Recorded data:
════
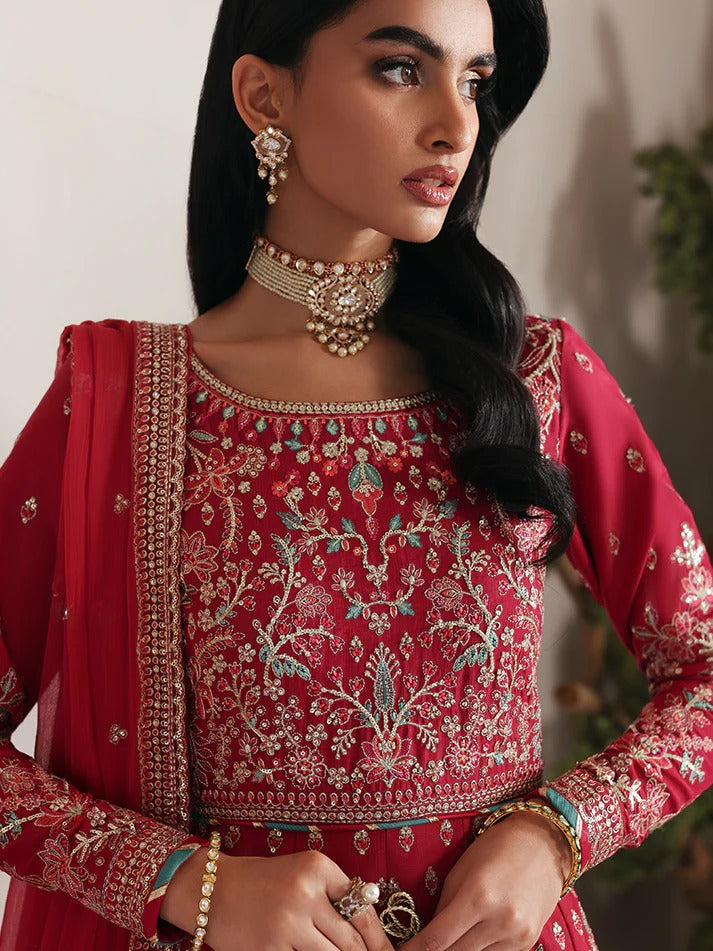 Discover luxury in this embroidered raw silk kalidaar featuring sequined bodice, chiffon dupatta with organza borders, and matching raw silk sharara.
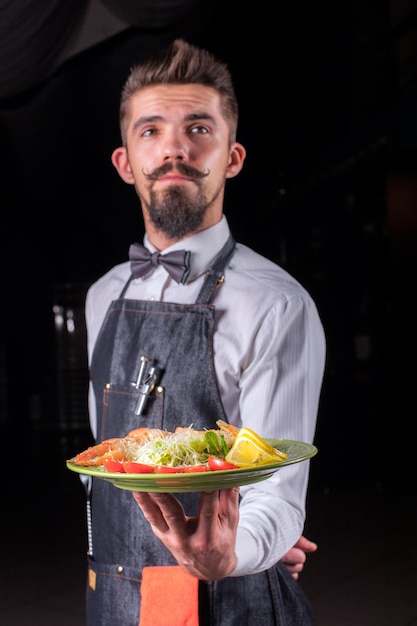 El camarero con bigotes sirve un plato con un plato preparado en un evento festivo.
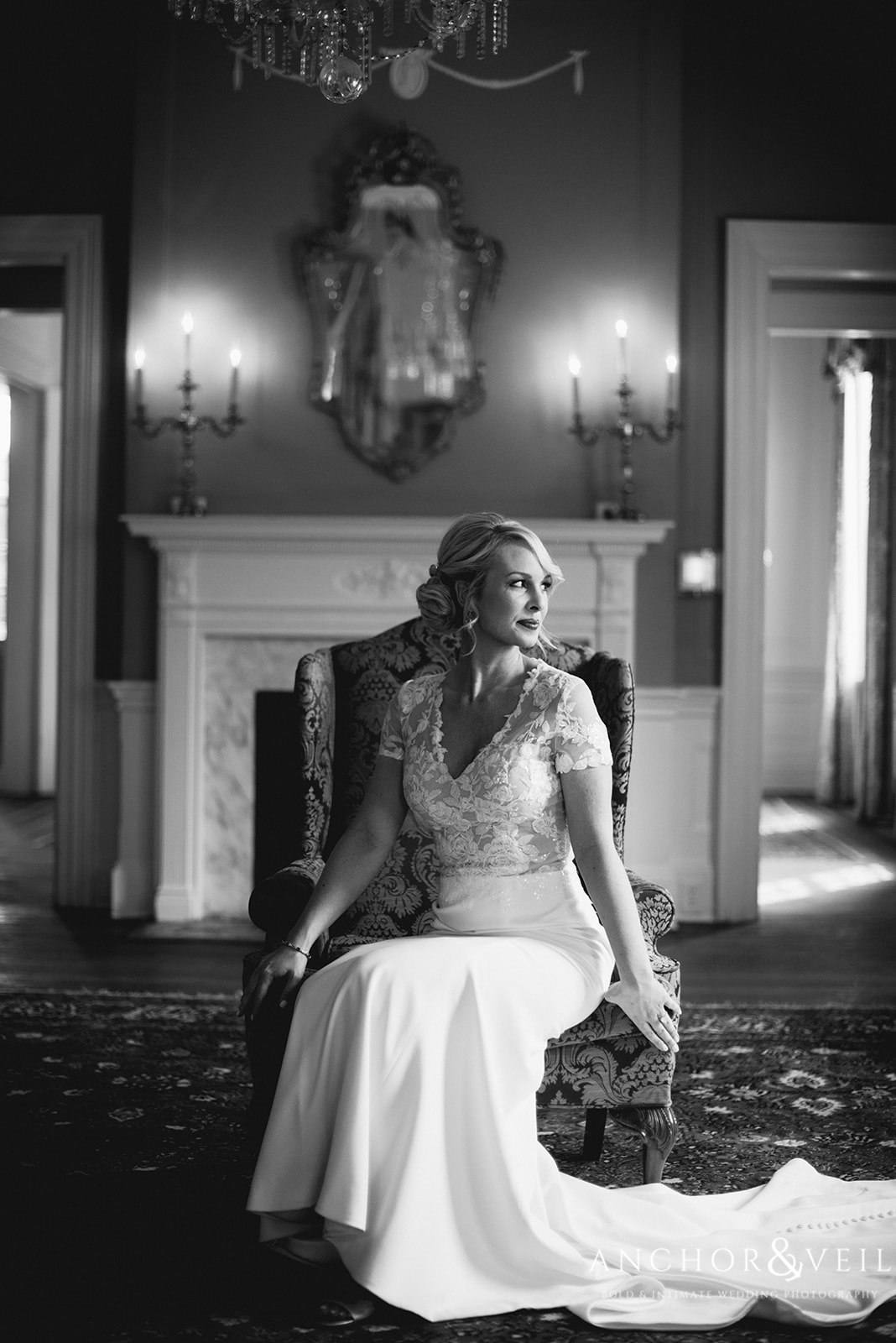 The bride sitting in her dress at the Lowndes Grove Plantation Wedding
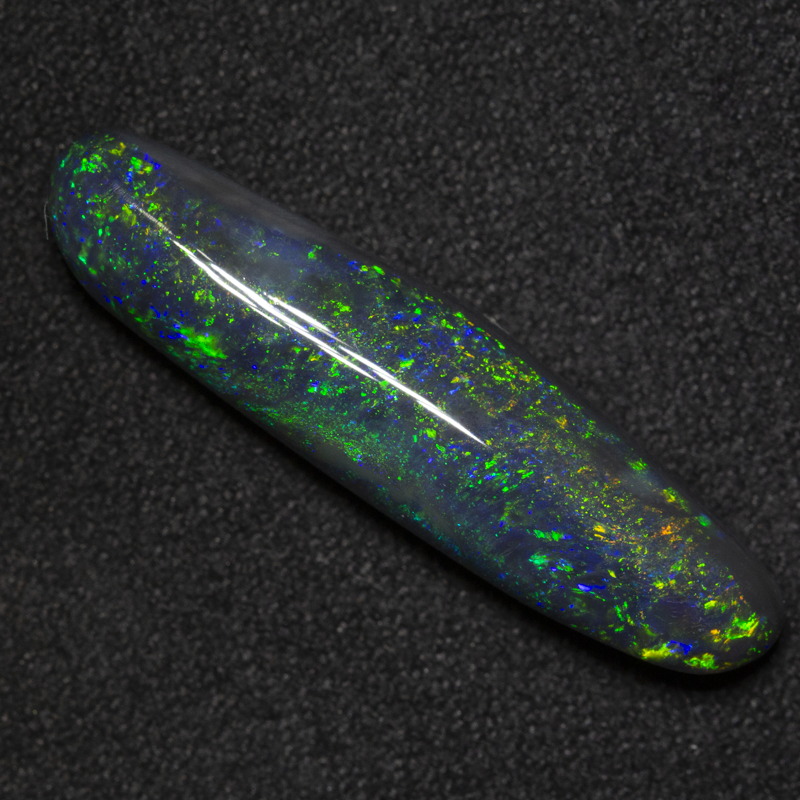 7.01 ct black opal 28x7x5.8mm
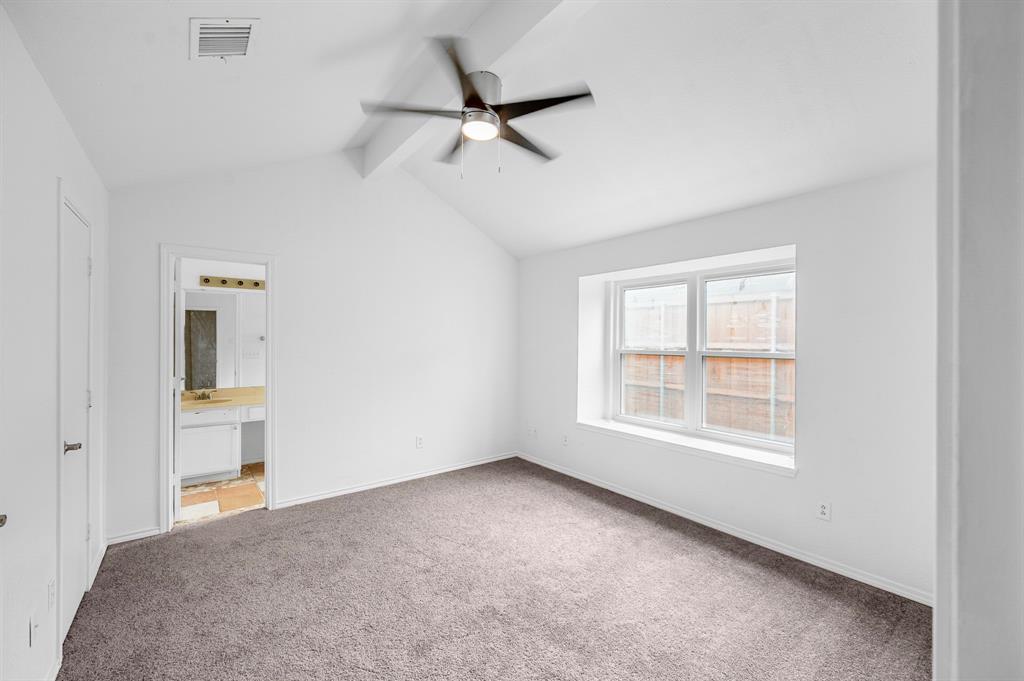 2218 Fuqua Road Rowlett, TX 75088 - Photo 19 of 30 an empty room with a window and a ceiling fan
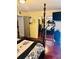 Comfortable main bedroom featuring a dark wooden bed and mirrored closet at 1516 Arrowhead Dr, Sun City Center, FL 33573
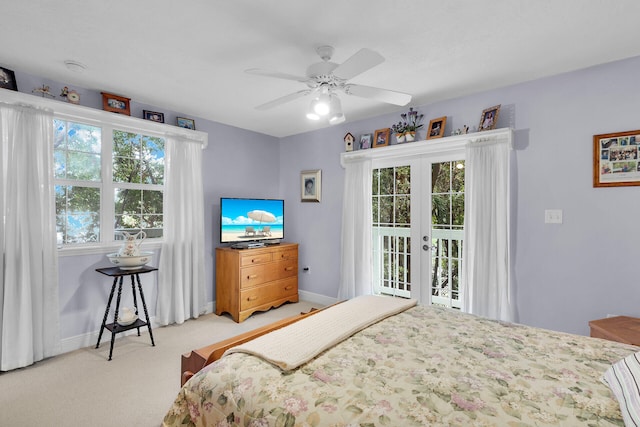 bedroom with light carpet, access to exterior, ceiling fan, and french doors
════
[WHAT THE TASK REQUIRES] In the records above, find the line with "Comfortable main bedroom" and copy from it through the last line exactly, without the pictures.

[ANSWER SPACE]
 Comfortable main bedroom featuring a dark wooden bed and mirrored closet at 1516 Arrowhead Dr, Sun City Center, FL 33573
 bedroom with light carpet, access to exterior, ceiling fan, and french doors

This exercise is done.